**What this task involves:** Once "7646 De Soto Avenue, Canoga Park CA 91304" turns up in a line below, reproduce that line and those after it exactly, stopping after the line with "Bufanda fútbol Real Madrid 2018/19"; leave pictures out.

**Data extracts:**
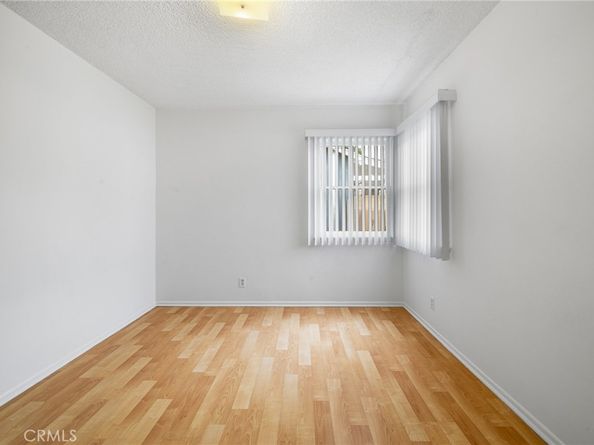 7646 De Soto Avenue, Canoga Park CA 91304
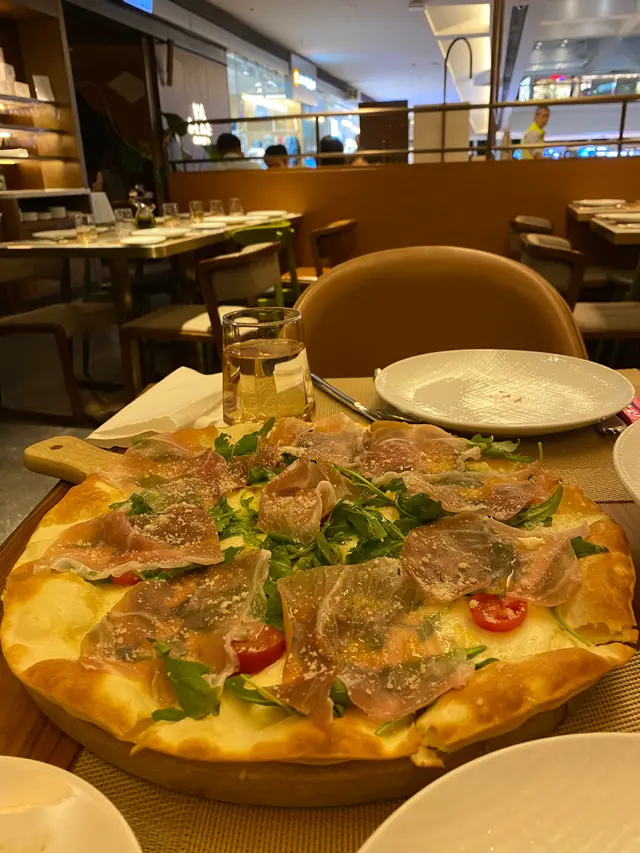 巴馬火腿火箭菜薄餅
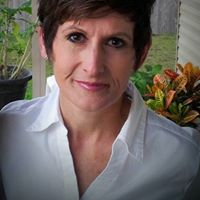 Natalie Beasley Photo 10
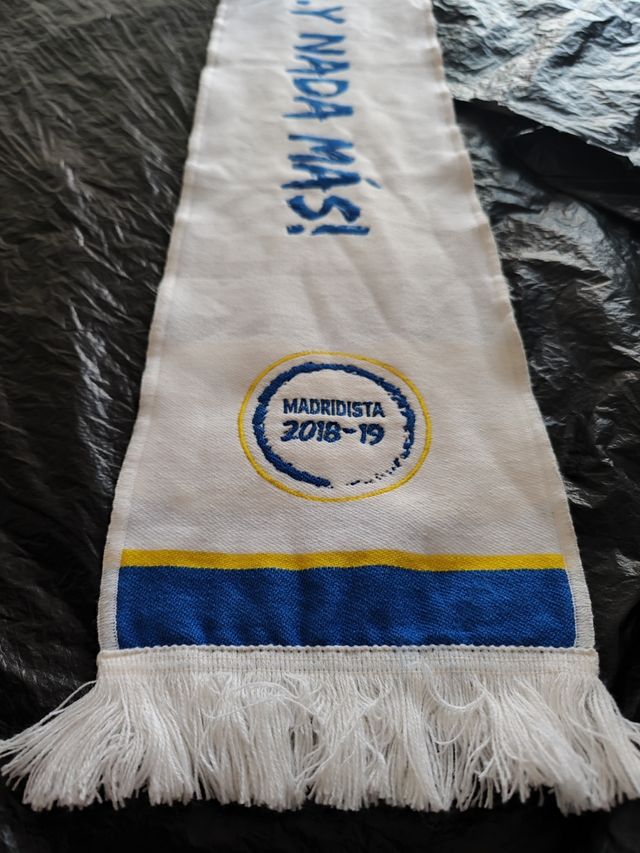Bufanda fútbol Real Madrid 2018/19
* * *
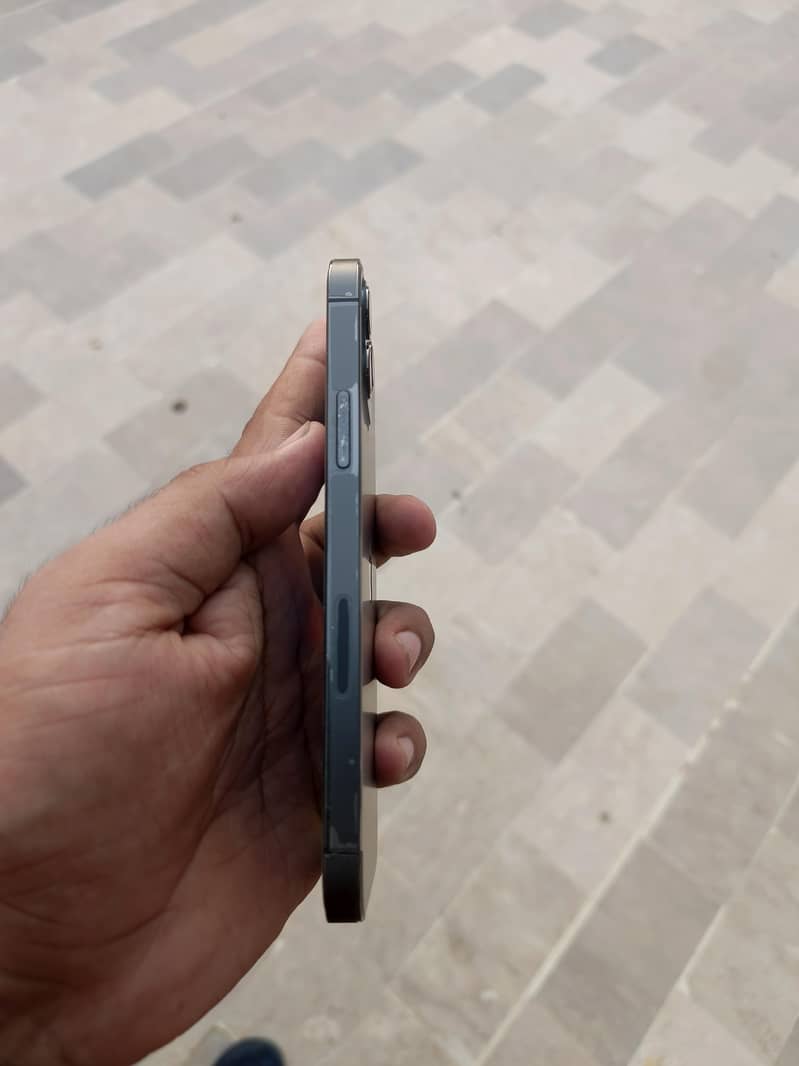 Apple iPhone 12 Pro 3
==
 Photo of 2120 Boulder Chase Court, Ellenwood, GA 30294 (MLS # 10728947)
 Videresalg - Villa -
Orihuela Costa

**Solution for this task:**
 7646 De Soto Avenue, Canoga Park CA 91304
 巴馬火腿火箭菜薄餅
 Natalie Beasley Photo 10
Bufanda fútbol Real Madrid 2018/19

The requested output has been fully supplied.